Next, a region contrast-based salient detection algorithm [4] is extended for depth saliency analysis. This approach mainly consists of two steps: the first step is to segment the input image (modulated disparity map D′) into regions by using the graph-based image-segmentation method [8]; the second step is to compute the saliency value of a region R _i by measuring its disparity contrast with that of all the other regions in D′,

$$ S\left({R}_i\right)={\displaystyle \sum_{R_i\ne {R}_k}{n}_k{d}_R^{\prime}\left({R}_i,{R}_k\right)}, $$

(2)

where S(R _i) is the saliency for region R _i, n _k is the number of pixels in region R _k, and d ^′_R (R _i, R _k) is the disparity contrast between R _i and R _k:

$$ {d}_R^{\prime}\left({R}_i,{R}_k\right)=\frac{{\displaystyle \sum_{p\in {R}_{i,}q\in {R}_k}\omega \left(p,q\right)\cdot {d}^{\prime}\left(p,q\right)}}{n_i{n}_k}, $$

(3)

where d′(p, q) is the disparity difference between pixels p and q, defined as |d ^′_p − d ^′_q |, ω(p, q) is a weight computed using the spatial distance between p and q as ω(p, q) = $ {e}^{-{{\left\Vert p-q\right\Vert}_2}^2/{\sigma}^2} $, where σ ² is a control parameter with default value 0.4, and the image coordinates are normalized to [0, 1].

Finally, according to the observation that the object popping from the screen tends to be salient, we mapped the saliency values S _R(x, y) obtained by (2) with

$$ {S}_R^{\prime}\left(x,y\right)=\frac{S_R\left(x,y\right)-{S}_{min}}{S_{max}-{S}_{min}}, $$

(4)

where S ^′_R (x, y) is the mapped values at pixel position (x, y), S _max and S _min are respectively the maximal and minimal saliency values. Figure 2e shows the depth saliency-computation results obtained using (4).

However, simply considering the distance between the object and observer would disregard other useful information of stereoscopic images, such as depth edges and profile details, which are equally important for perception of depth saliency [28, 32]. Among various depth features and their combinations, we choose depth contrast as the main indicator for complexity-performance trade-off. This is because depth contrast is a dominant feature and an effective indicator in depth perception [6]. Figure 3 illustrates the relationship between depth contrast and saliency according to a subjective experiment [32]. Increase in the absolute value of depth increases the fixation probability $ P\left(C=1\Big|{\overline{f}}_{contrast}\right) $.
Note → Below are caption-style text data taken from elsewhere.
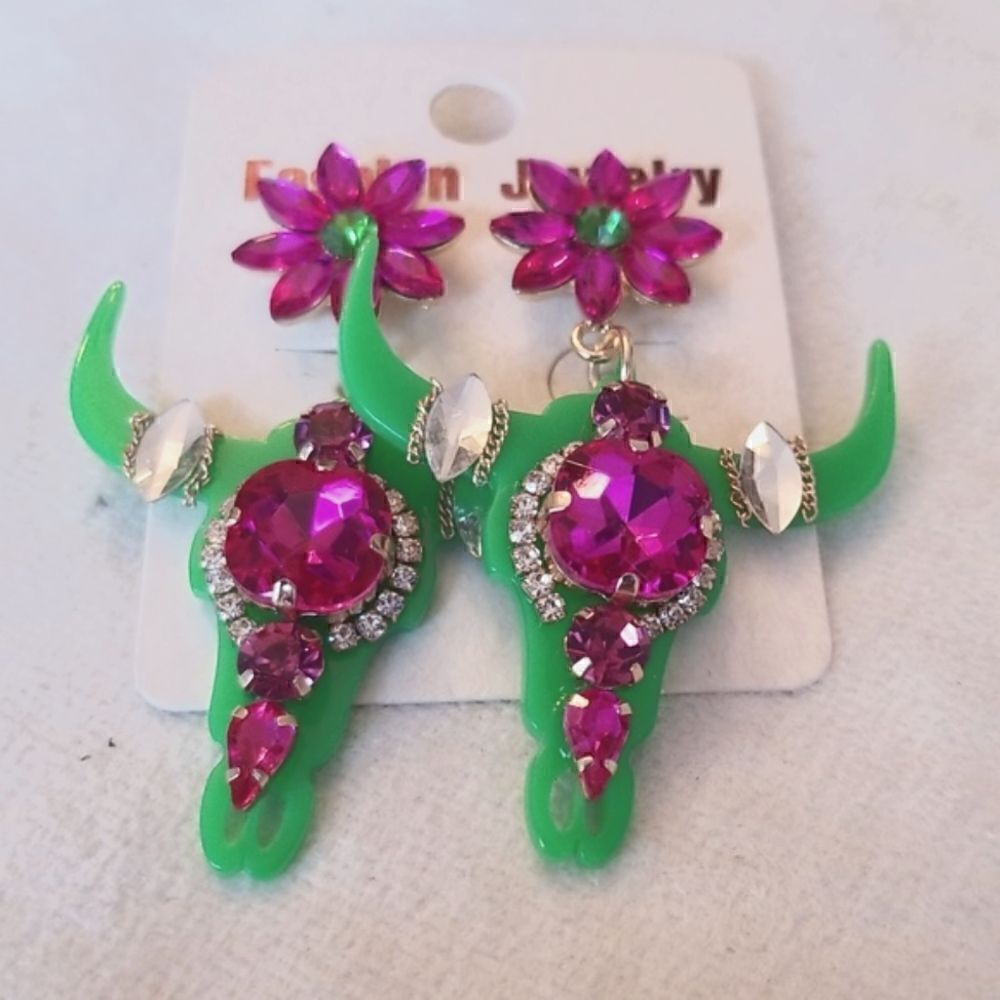 Bullhead chic western sparkling earrings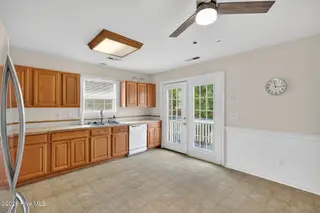 2305 E Oak Island Drive, Oak Island, NC 28465 – photo 8: 2305EOakIslandDrive-24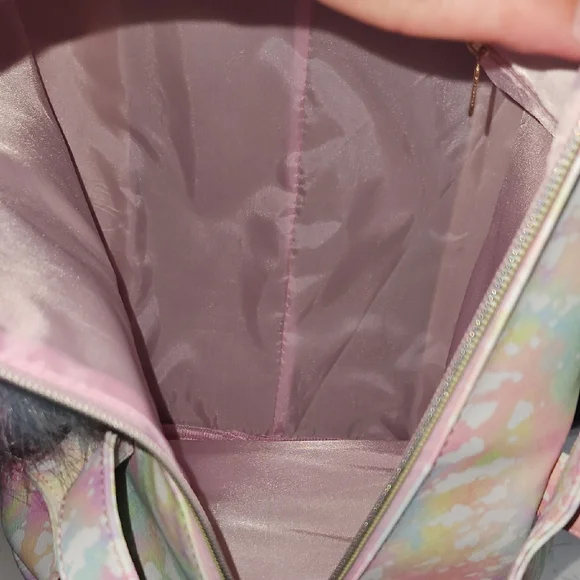 Under One Sky Pastel Travel Bag - Picture 2 of 13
Therefore, the DoG filter is employed to extract the depth edge contrast from the disparity map since it can eliminate anomalous noises of high-frequency signal. The DoG filter is defined as:

$$ G\left(x,y,\sigma \right)=\frac{1}{2\pi {\sigma}^2} \exp \left(-\frac{x^2+{y}^2}{2{\sigma}^2}\right)-\frac{1}{2\pi {K}^2{\sigma}^2} \exp \left(-\frac{x^2+{y}^2}{2{K}^2{\sigma}^2}\right) $$

(5)

where (x, y) is the pixel position, and σ and K are used to control the filter scale and center-surround ratio, respectively. In our experiment, we set σ = 32 and K = 1.6 (approximate to the Laplacian of the Gaussian transform), as commonly used in a previous study [34]. Figure 2f shows the generated depth edge contrast map S _E, the edges and profile details of objects are well sharpened as desired. Higher contrast values indicate a larger distance between objects and background, and a higher probability is depth-salient.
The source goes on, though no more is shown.